> [WORK TO BE COMPLETED]: Retype, exactly and completely, the listing that comes next, skipping its images.

> [RECORDS PROVIDED]:
══════

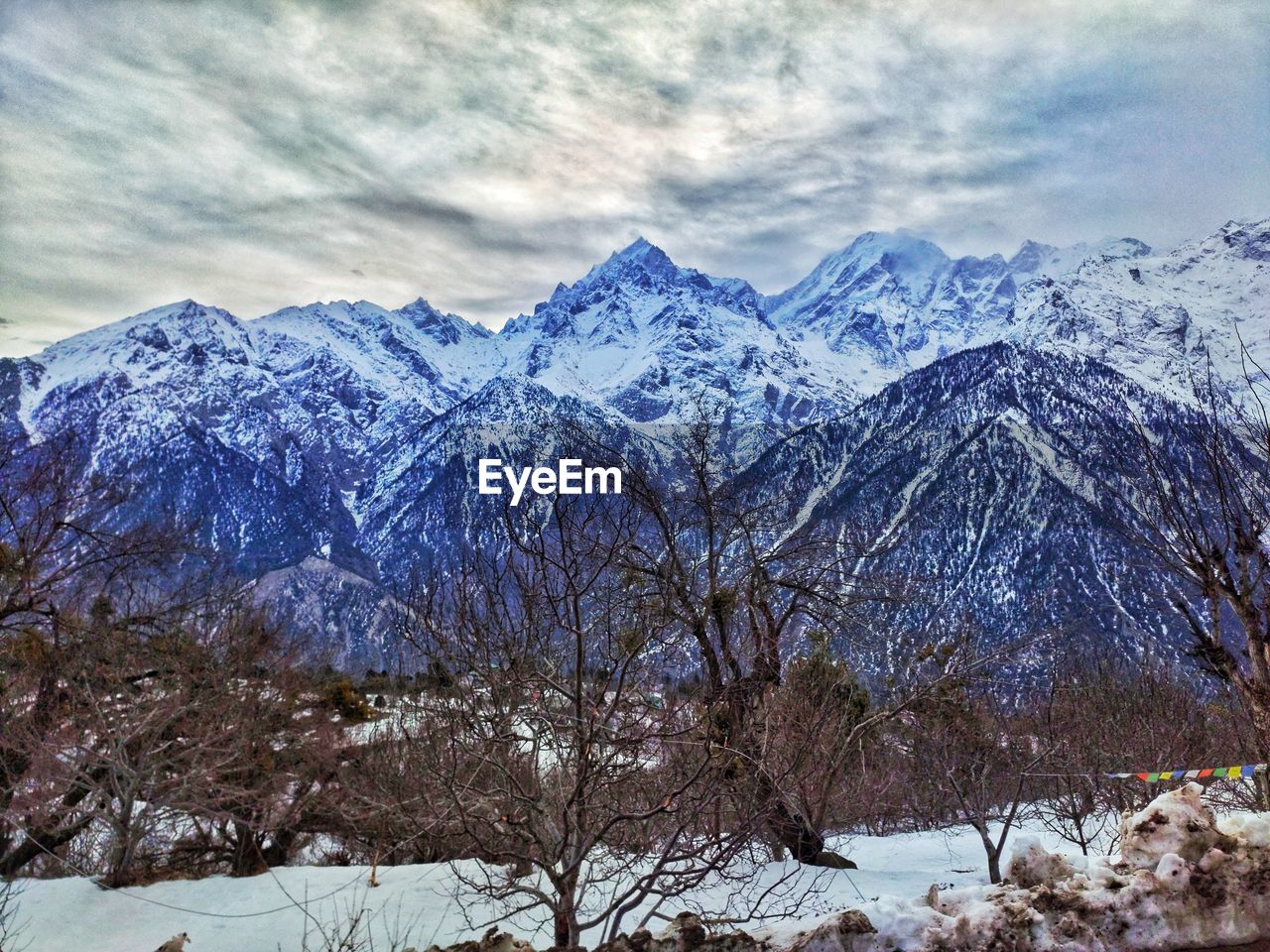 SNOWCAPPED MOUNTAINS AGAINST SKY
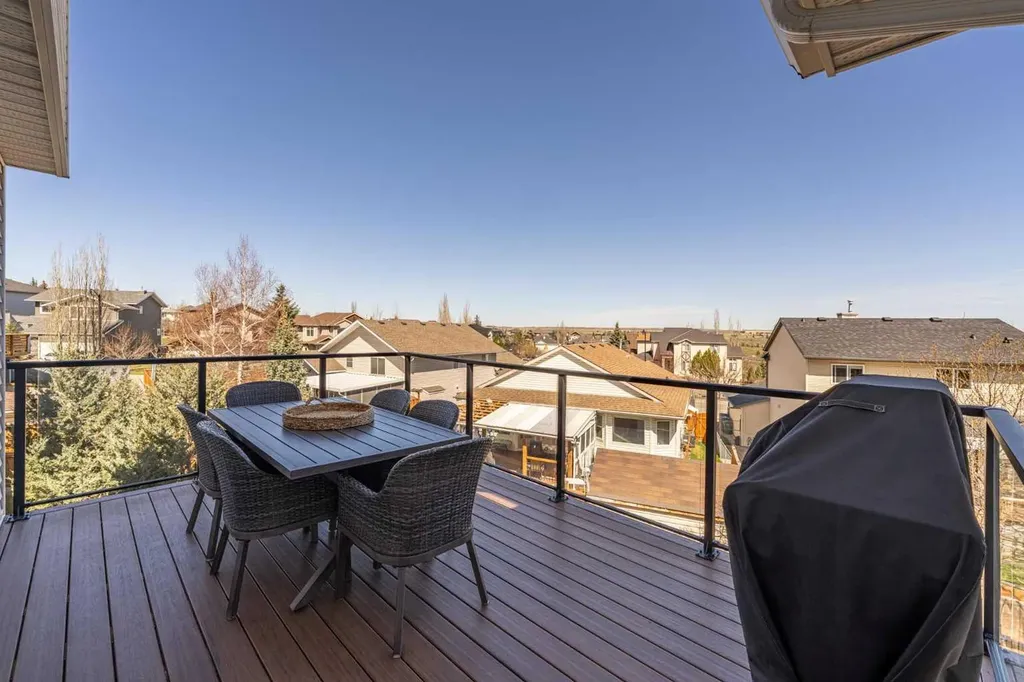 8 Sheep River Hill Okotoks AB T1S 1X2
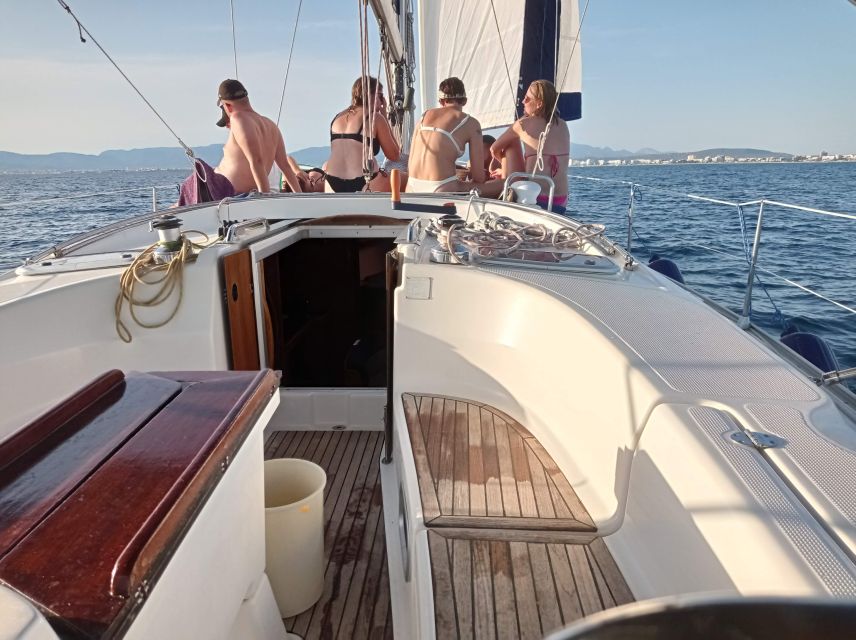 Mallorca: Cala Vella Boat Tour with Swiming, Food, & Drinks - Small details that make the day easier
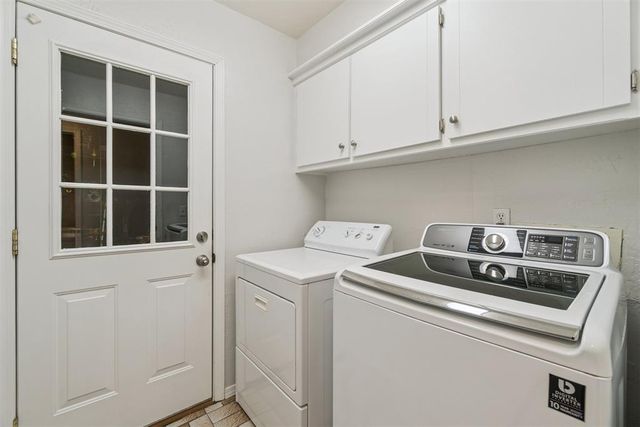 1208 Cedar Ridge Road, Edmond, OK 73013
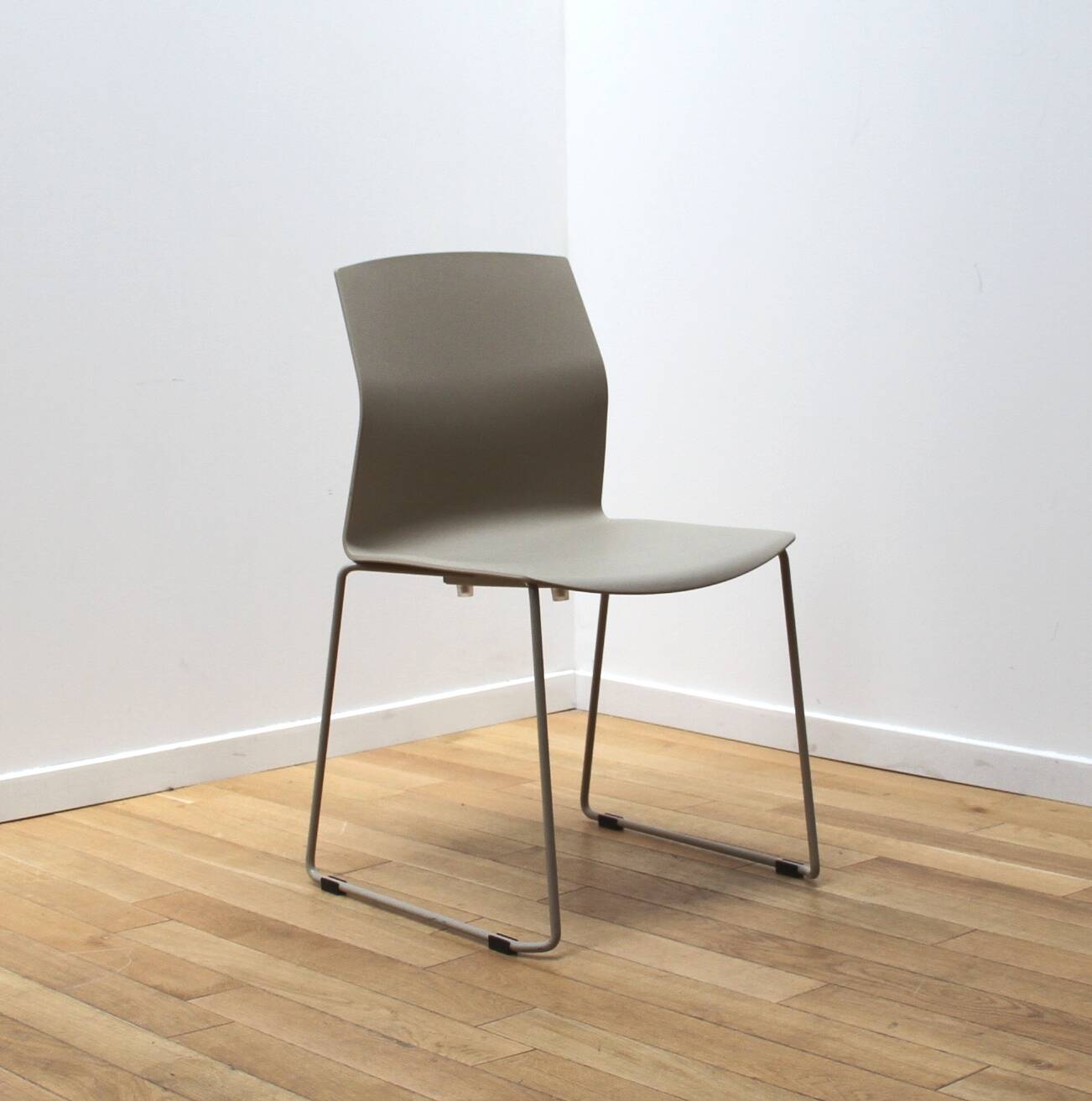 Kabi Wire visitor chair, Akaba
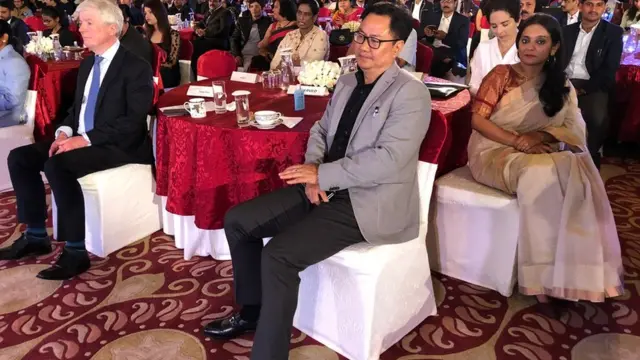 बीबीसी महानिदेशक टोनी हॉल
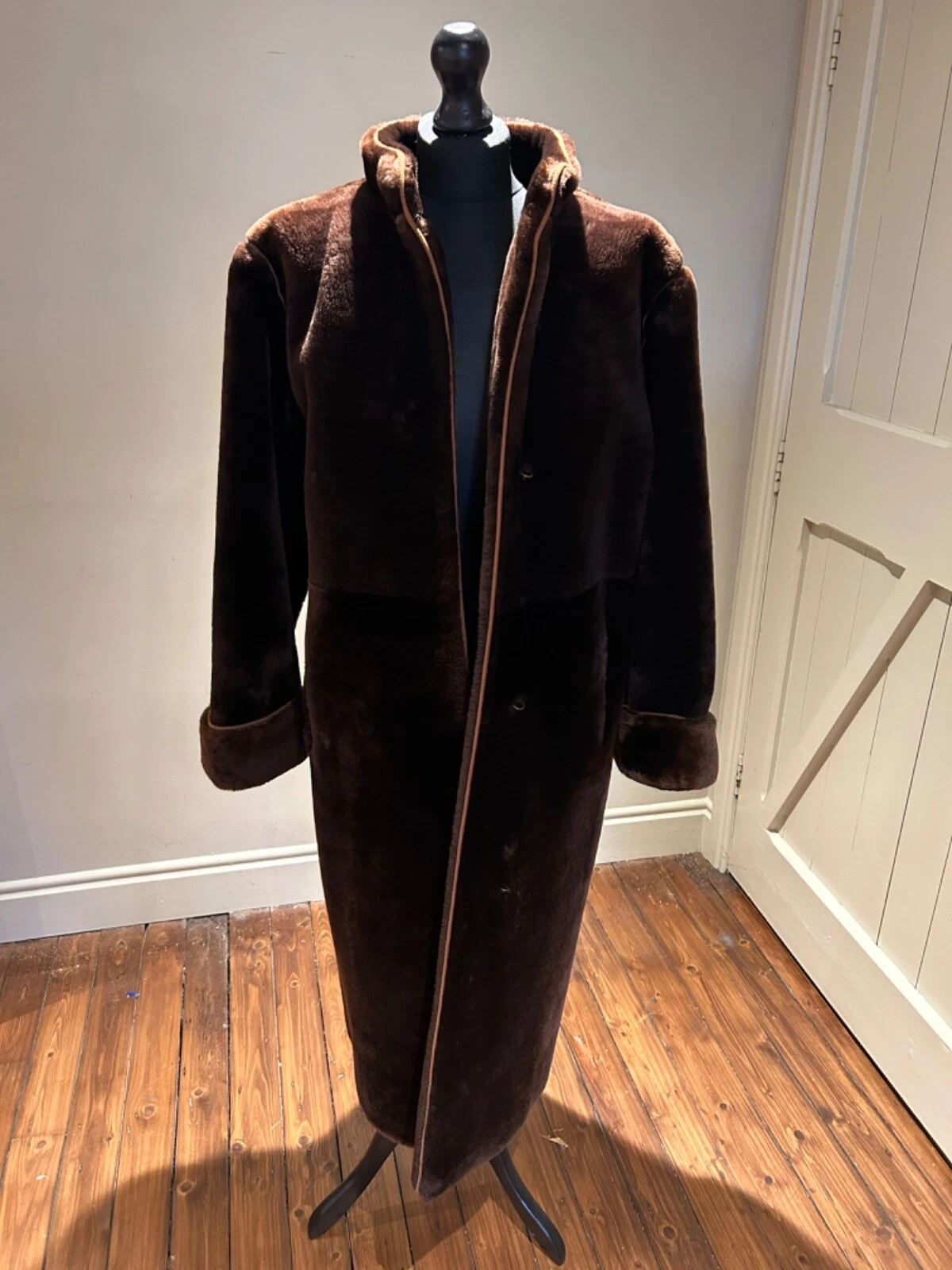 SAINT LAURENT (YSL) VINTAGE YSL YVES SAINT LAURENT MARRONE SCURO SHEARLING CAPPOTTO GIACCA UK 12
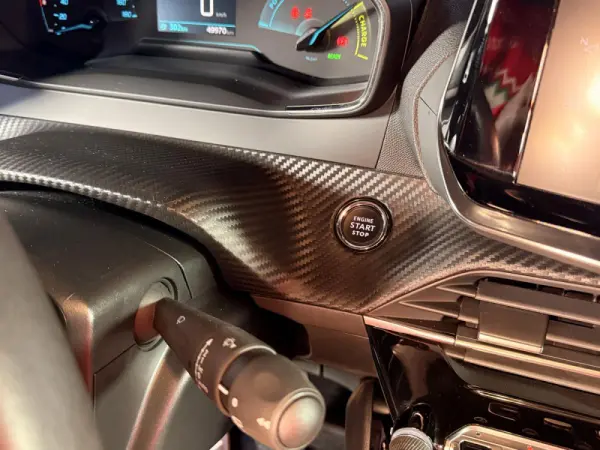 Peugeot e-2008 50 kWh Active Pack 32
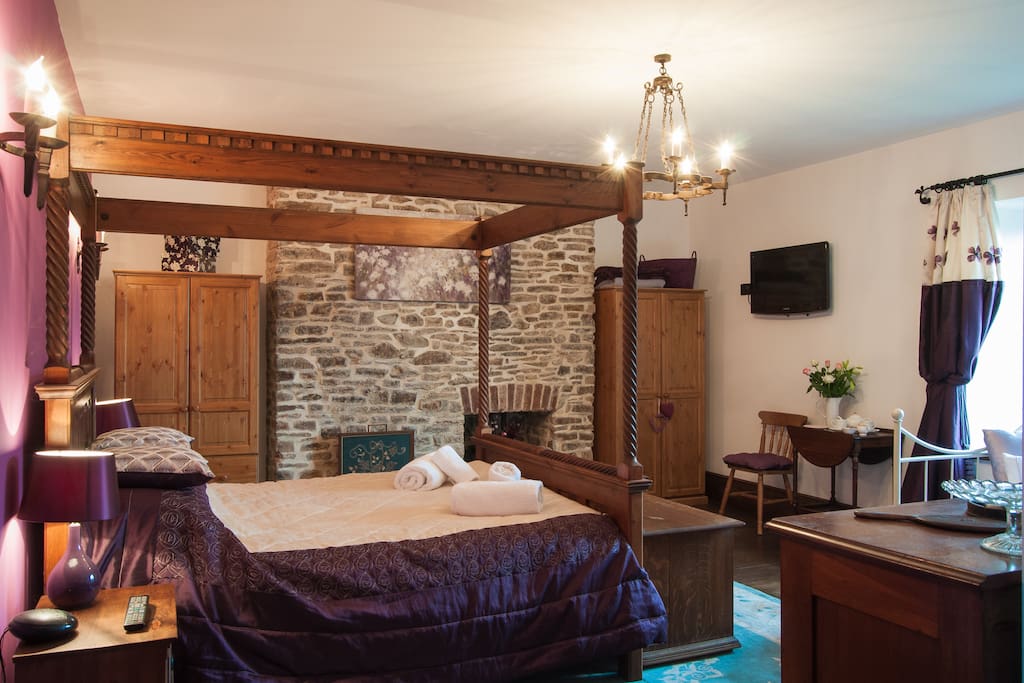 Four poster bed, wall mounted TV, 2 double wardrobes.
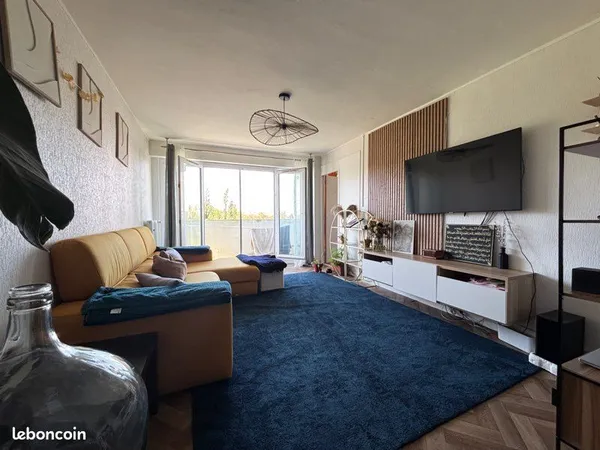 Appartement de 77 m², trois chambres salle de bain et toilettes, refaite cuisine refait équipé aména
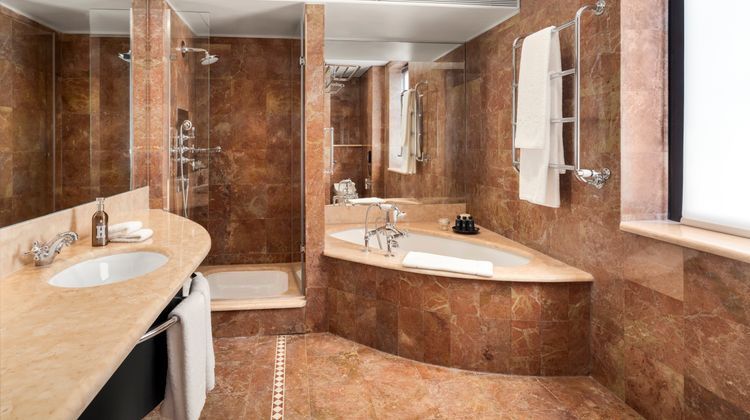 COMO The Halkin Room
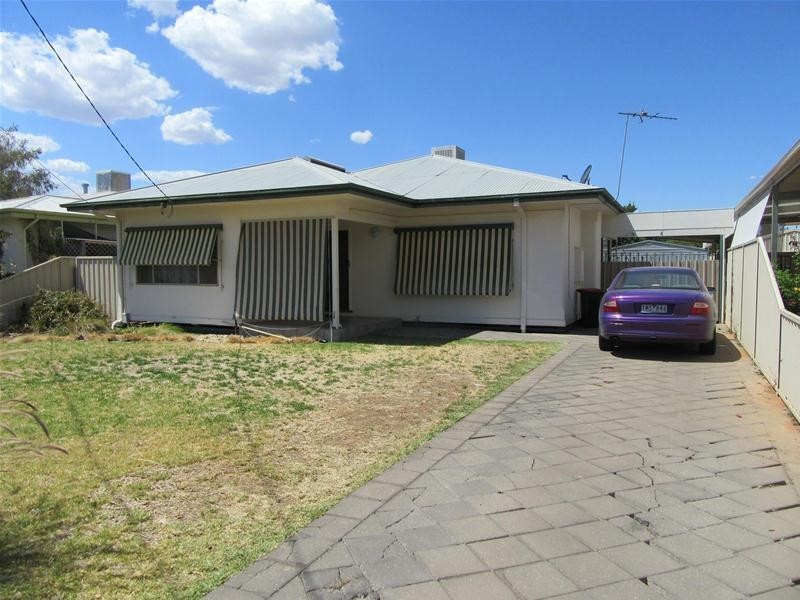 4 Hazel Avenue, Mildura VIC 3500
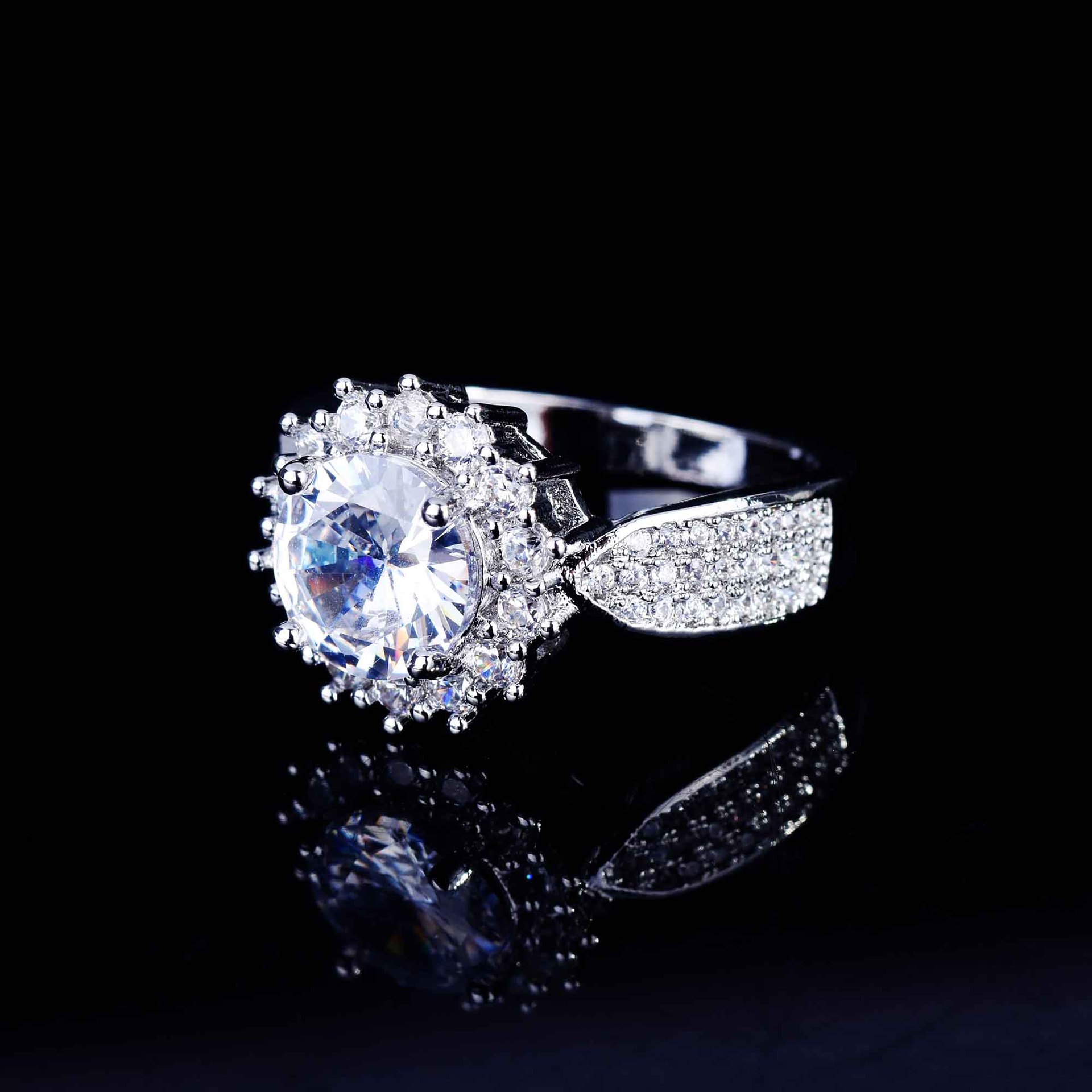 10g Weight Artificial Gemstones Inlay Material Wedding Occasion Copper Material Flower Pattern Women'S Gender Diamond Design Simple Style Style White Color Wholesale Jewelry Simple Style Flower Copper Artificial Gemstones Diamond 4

══════

> [EXERCISE OUTPUT]:
 SNOWCAPPED MOUNTAINS AGAINST SKY
 8 Sheep River Hill Okotoks AB T1S 1X2
 Mallorca: Cala Vella Boat Tour with Swiming, Food, & Drinks - Small details that make the day easier
 1208 Cedar Ridge Road, Edmond, OK 73013
 Kabi Wire visitor chair, Akaba
 बीबीसी महानिदेशक टोनी हॉल
 SAINT LAURENT (YSL) VINTAGE YSL YVES SAINT LAURENT MARRONE SCURO SHEARLING CAPPOTTO GIACCA UK 12
 Peugeot e-2008 50 kWh Active Pack 32
 Four poster bed, wall mounted TV, 2 double wardrobes.
 Appartement de 77 m², trois chambres salle de bain et toilettes, refaite cuisine refait équipé aména
 COMO The Halkin Room
 4 Hazel Avenue, Mildura VIC 3500
 10g Weight Artificial Gemstones Inlay Material Wedding Occasion Copper Material Flower Pattern Women'S Gender Diamond Design Simple Style Style White Color Wholesale Jewelry Simple Style Flower Copper Artificial Gemstones Diamond 4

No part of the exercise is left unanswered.